Et cette absence de marge de manœuvre peut créer de lourdes difficultés en cas d’imprévus lors d’une campagne.
« C’est un scénario qu’on observe avec les conservateurs qui ont investi énormément de ressources dans une campagne contre la personne de Justin Trudeau et qui se retrouvent en grande difficulté face à l’imprévu de Mark Carney ».
« Certaines firmes de sondage ont des liens d’affaires privilégiés avec certains partis », souligne Thierry Giasson. Pour accéder à des sondages précis sur les tendances et l’électorat, les partis font appel à des firmes d’affaires publiques qui pré- parent des campagnes, élaborent des stratégies politiques et font parfois un travail de lobbying.
Le débat du silence médiatique
Si les sondages influencent autant l’opinion publique en période de campagne électorale, des débats autour de leurs réglementations ont émergé dans les années 1990 et au début des années 2000. « En 1992, une commission d’enquête fédérale pour revoir l’ensemble de la loi électorale a réuni différents politologues pour questionner la diffusion des sondages ».

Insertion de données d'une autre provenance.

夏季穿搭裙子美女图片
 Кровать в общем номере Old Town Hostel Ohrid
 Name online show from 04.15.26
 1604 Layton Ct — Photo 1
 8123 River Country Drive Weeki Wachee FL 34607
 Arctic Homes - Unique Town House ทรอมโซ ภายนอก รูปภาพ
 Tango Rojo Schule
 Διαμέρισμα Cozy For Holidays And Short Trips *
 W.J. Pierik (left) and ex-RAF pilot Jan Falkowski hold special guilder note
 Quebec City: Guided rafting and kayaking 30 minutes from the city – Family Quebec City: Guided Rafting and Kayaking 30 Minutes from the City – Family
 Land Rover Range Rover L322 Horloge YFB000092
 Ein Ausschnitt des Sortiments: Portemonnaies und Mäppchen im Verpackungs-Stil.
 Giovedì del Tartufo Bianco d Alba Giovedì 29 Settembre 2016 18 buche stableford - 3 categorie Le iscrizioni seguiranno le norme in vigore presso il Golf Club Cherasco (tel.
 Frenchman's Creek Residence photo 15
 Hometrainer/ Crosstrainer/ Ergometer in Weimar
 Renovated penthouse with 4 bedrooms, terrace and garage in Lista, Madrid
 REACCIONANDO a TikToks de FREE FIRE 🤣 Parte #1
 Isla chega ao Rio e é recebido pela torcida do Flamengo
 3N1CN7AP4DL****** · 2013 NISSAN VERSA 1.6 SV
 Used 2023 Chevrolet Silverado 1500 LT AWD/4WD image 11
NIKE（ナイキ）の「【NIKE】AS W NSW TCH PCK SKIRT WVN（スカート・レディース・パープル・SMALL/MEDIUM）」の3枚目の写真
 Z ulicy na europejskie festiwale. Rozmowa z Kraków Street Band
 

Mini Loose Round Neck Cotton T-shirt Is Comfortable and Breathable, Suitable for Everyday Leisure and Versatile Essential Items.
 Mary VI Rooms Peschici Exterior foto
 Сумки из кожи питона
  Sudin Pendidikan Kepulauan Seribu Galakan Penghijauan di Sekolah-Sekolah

Cette commission visait à réglementer davantage le recours aux sondages et à la diffusion de leurs résultats, pour empêcher les électeurs d’être influencés au dernier moment par les enquêtes d’opinion.
À l’époque, plusieurs chercheurs ont plaidé pour un silence médiatique de 24 h à 72 h avant le début du scrutin. « Suite à cette loi qui a été amendée, un silence de 24 h devait être tenu, puis la pratique a été contestée devant les tribunaux par une majorité de conservateurs qui évoquaient une loi allant à l’encontre du droit à l’information et à la liberté d’expression », explique le politologue.
Finalement, « les tribunaux ont reconnu le droit des citoyens à disposer de l’information jusqu’à la fin de la campagne et aujourd’hui il n’y a plus d’embargo sur leurs résultats ».
Pour le politologue, ce débat sur la réglementation des sondages pré-scrutin semble refaire surface.